Jonathan stares down at me with darkness so tangible, I can feel the smoke emanating from him and surrounding me in a halo.
That’s what Jonathan is — smoke. You can’t grasp him or escape him. The moment you think you’re safe, he comes out of nowhere and thickens with the intent of suffocating you.
“I have already said this and it’s the final time I’ll repeat it. If I ask a question, I expect a direct answer.”
“And if I have none?” My voice is breathy, small, wrong.
Damn you, voice.
“Then —” he reaches his other hand and grabs my arse cheek “— I’ll spank this arse.”
I instinctively push against him. Memories from last night flash before my eyes and it takes all my will to hold in the foreign sound fighting to get free.
“Now, is that fucking understood?”
“Yes,” I mutter so he’ll let me go.
It’s not about being spanked, it’s about the damn pulsing between my legs since he touched me or the promise that he’ll repeat what happened last night.
It’s about how I can’t stop thinking about the same fingers that are now clutching my wrist being inside me. Or that veiny, strong hand coming down on my soft flesh.
“Good girl.” Jonathan lets my arm fall and I step back on damn wobbly feet.
Why the hell did he have to say those two words using that raspy tone? He’s toying with parts of me I didn’t even think could be toyed with.
“I’m not a girl.”
His lips twitch, almost as if he’s about to smile, but Jonathan doesn’t do those. Not really. “Yes, you are.”
“I’m twenty-seven.” I don’t know why I need that information out there.
Maybe it’s my brain’s way to remind me that he’s seventeen years older than me.
Or that my sister, the only person I still consider family, had him first.
Or that we’re in her room.
The fact that Jonathan kept her room as it was without attempting to get rid of anything means one thing: he’s not over her death.
That’s why he wants me. I’m his sick way of bringing Alicia back to life.
I hate him for putting me in this position.
I hate him for barging through doors even I didn’t have the keys to.

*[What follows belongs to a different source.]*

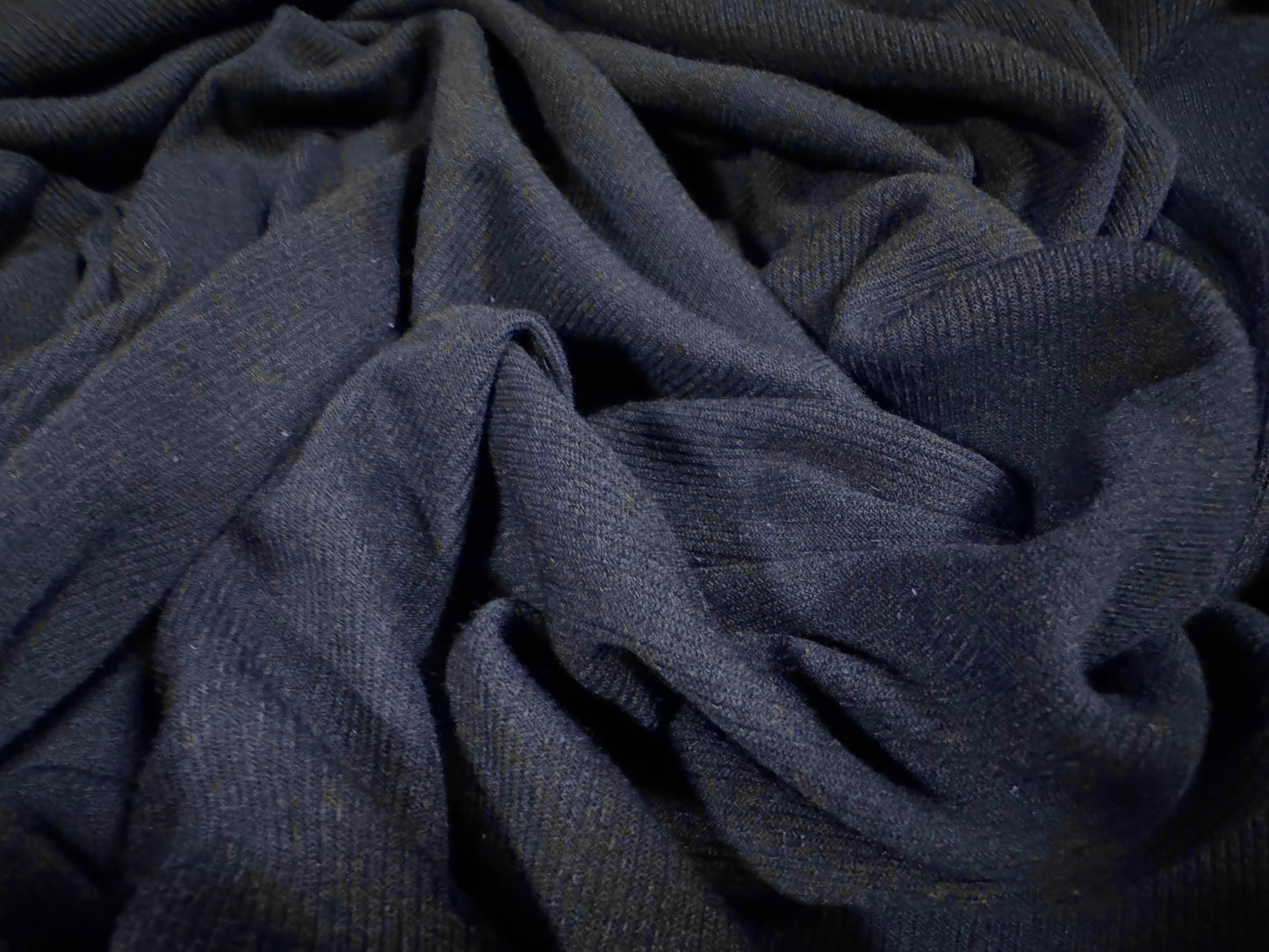 Fine ribbed spandex stretch jersey fabric, per metre - plain - dark navy blue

Most of all, I hate him. The man. The tyrant. The unfeeling bastard who couldn’t protect Alicia.
“I know your age.” He slips his hand back in his pocket. “I also know you’ve been a ghost since you were sixteen.”

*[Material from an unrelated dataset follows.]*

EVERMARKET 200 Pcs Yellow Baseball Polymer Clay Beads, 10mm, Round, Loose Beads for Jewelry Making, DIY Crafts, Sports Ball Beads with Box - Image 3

I thin my lips even when my scar tingles underneath my clothes.
“How does it feel to be a ghost, Aurora?”
“Peaceful.”
“Is that how you spell fake?”
“I’m not fake.”
“Is that why you invented a whole new persona, new name, new background, and even new habits?”
“Do you have a point here?”
“Does your black belt friend know about Clarissa?”
“Don’t you dare, Jonathan.”
“I do not care for being threatened, so for that alone, I might drop in unannounced and tell her.”
“Jonathan…d-don’t…” I’m ready to beg him, but I know that won’t work. Layla and her family need to stay the fuck away from my past. I can’t counter their kindness with malice.
“She’s a Muslim, no? Do you know their take on murderers and accomplices?”
“I’m not an accomplice.”
“Then what are you?” His voice drops in range. “Why did you disappear?”
“Because I needed a rebirth.”
17
Jonathan
A rebirth.
Fascinating.
I stare down at Aurora’s defiant gaze, but I don’t see the façade she’s spent so long perfecting.
I don’t see her stand-offish reaction to me or how she challenges me like it’s her favourite sport.
Now, I see the girl who hid behind her sister’s dress. The girl who was innocent and then was tarnished so badly that she wished for a rebirth.
But she didn’t only wish for it. She made it happen.
Or so she thinks.
Even as a grown-up, there’s still a spark in Aurora’s eyes. Granted, it’s not the same as the brightness of that little girl’s. It’s almost like an update — a second version of sorts.
She thinks she’s had a rebirth, though.
That is fascinating.
People’s misconceptions about themselves or the world surrounding them is a form of weakness I latch onto without mercy.